Stored records

####

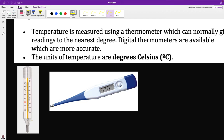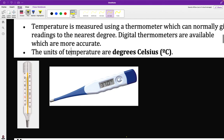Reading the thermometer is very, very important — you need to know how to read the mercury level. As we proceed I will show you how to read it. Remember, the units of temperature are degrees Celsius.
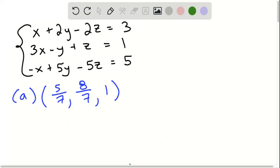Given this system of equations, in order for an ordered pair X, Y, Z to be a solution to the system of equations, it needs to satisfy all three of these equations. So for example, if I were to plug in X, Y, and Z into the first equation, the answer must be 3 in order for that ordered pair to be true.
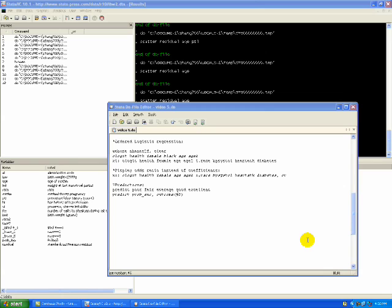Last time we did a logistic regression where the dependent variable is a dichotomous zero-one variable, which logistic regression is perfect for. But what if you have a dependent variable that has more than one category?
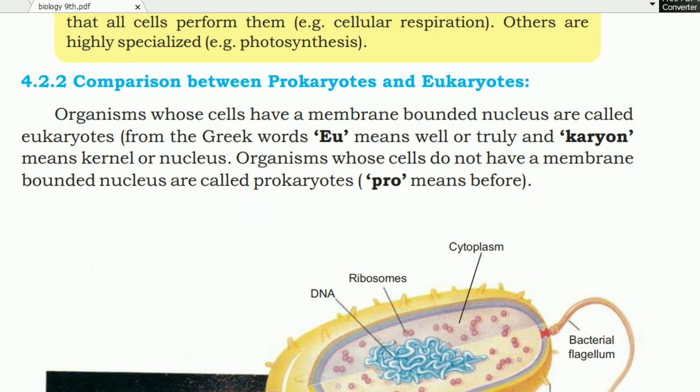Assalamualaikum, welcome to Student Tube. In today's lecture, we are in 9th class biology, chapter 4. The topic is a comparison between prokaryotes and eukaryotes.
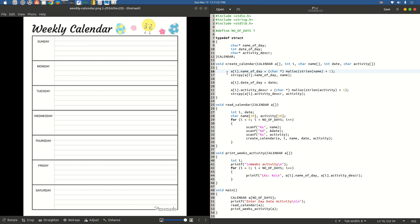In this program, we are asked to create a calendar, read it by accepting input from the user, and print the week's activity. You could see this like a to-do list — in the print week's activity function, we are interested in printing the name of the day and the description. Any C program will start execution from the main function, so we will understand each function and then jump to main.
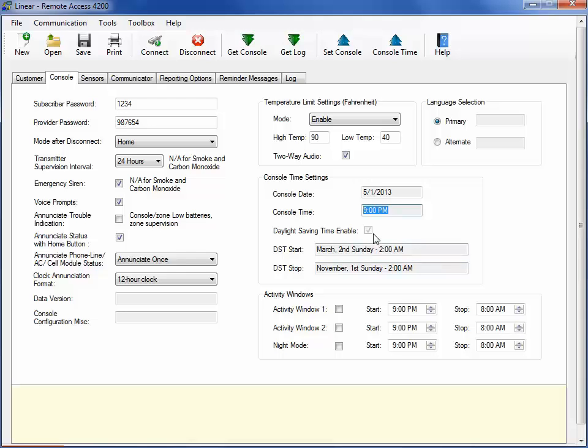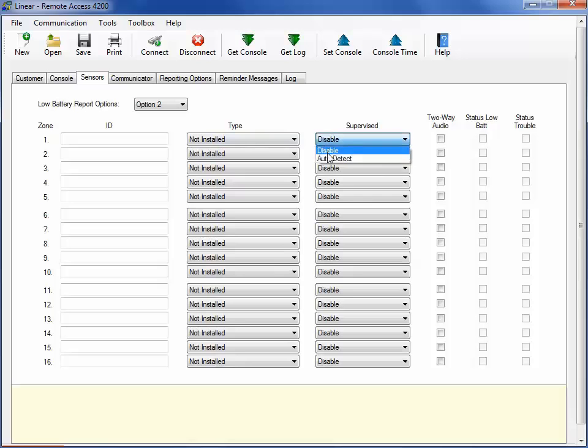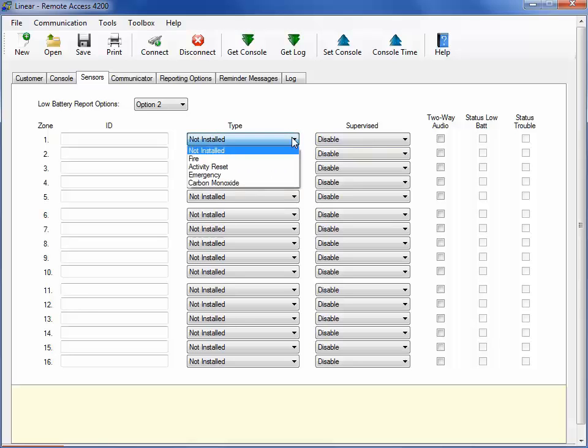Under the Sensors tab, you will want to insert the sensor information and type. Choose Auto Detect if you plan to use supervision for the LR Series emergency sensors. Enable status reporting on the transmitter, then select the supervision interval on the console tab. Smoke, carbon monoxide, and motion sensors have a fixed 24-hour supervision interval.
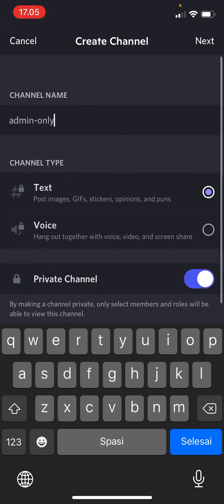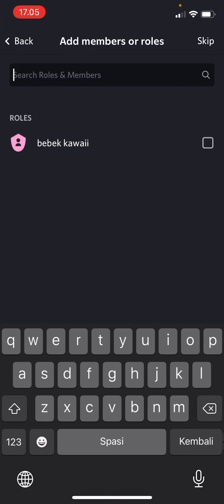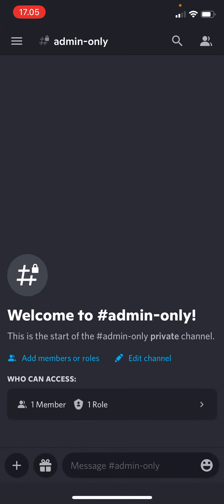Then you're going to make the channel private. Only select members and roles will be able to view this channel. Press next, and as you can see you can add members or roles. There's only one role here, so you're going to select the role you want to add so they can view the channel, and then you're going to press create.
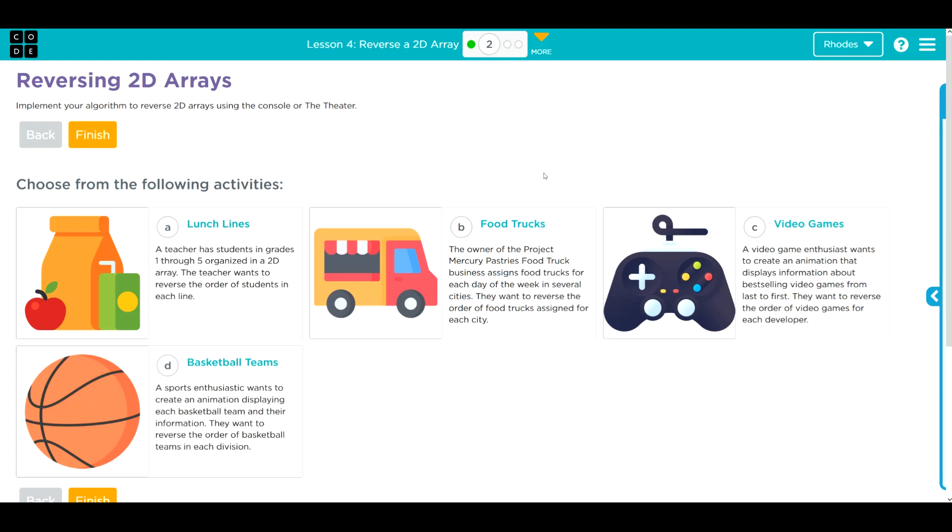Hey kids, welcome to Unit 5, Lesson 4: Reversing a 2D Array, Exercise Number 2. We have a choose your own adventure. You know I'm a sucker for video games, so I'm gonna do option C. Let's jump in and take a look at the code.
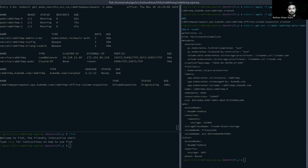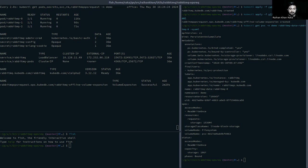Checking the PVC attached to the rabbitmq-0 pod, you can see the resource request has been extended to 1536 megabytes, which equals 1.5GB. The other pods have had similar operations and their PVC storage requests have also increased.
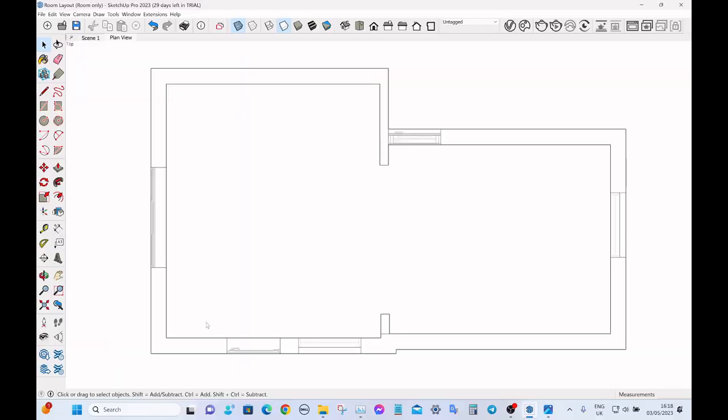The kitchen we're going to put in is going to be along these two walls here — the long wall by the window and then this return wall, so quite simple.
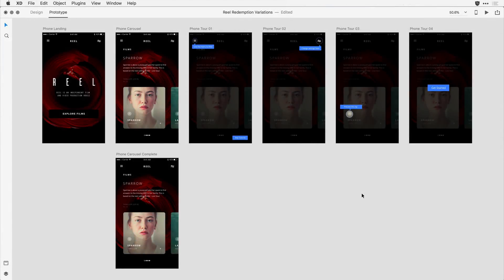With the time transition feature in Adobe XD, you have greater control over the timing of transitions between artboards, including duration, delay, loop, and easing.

####

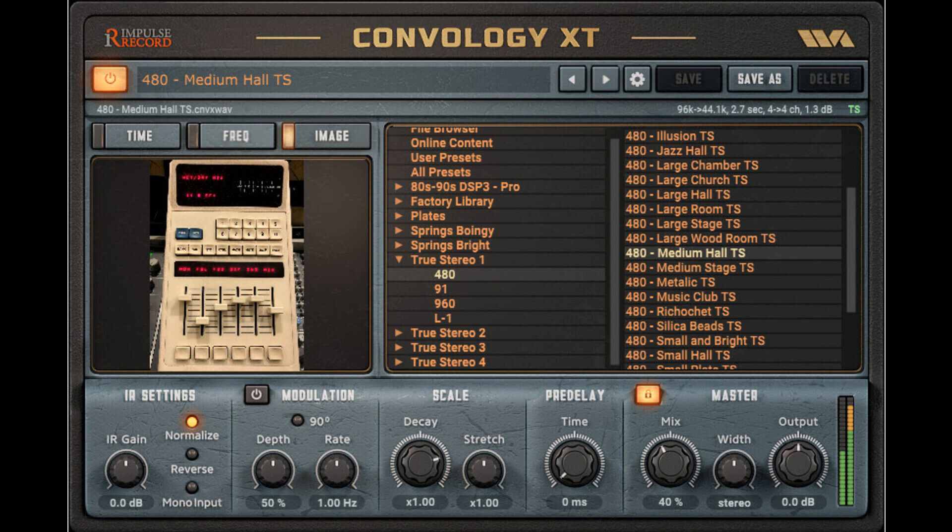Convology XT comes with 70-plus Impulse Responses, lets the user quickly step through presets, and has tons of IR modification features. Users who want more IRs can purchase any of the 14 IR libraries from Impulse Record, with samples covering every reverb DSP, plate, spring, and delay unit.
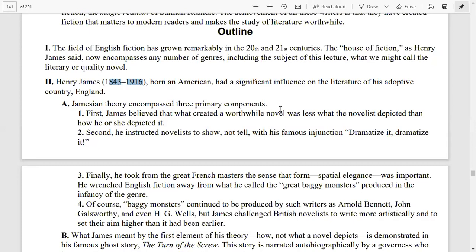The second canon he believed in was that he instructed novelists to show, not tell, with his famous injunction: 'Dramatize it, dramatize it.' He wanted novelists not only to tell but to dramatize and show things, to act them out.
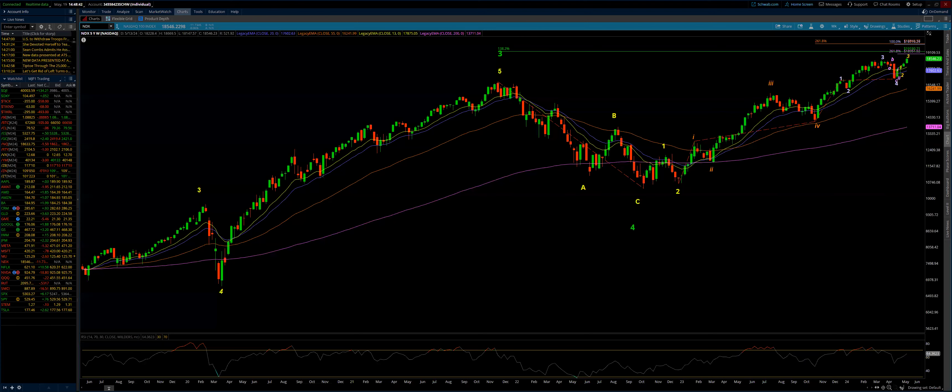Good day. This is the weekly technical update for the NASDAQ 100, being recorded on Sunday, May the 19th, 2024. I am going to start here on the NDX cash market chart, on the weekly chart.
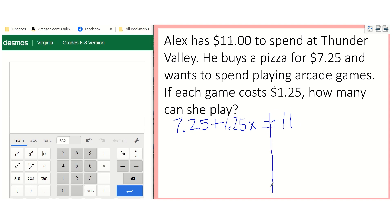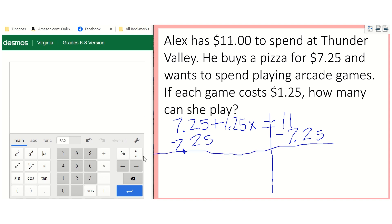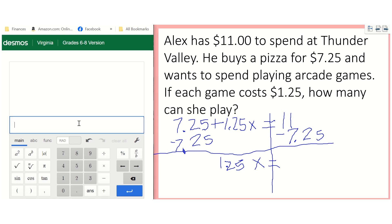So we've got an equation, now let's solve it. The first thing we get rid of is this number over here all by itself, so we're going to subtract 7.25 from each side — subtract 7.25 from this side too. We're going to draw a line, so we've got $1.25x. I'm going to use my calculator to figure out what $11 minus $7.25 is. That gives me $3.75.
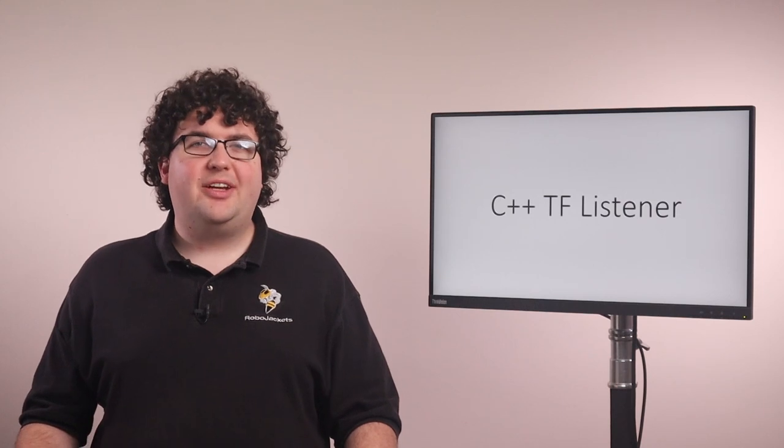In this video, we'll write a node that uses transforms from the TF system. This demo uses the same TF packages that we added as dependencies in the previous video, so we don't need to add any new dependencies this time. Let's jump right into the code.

####

Exercise aim: Return the lines above from the one with "Reading the thermometer" through the one with "Given this system", verbatim and nothing else. Omit every picture.

Result for this exercise:
Reading the thermometer is very, very important — you need to know how to read the mercury level. As we proceed I will show you how to read it. Remember, the units of temperature are degrees Celsius.
Given this system of equations, in order for an ordered pair X, Y, Z to be a solution to the system of equations, it needs to satisfy all three of these equations. So for example, if I were to plug in X, Y, and Z into the first equation, the answer must be 3 in order for that ordered pair to be true.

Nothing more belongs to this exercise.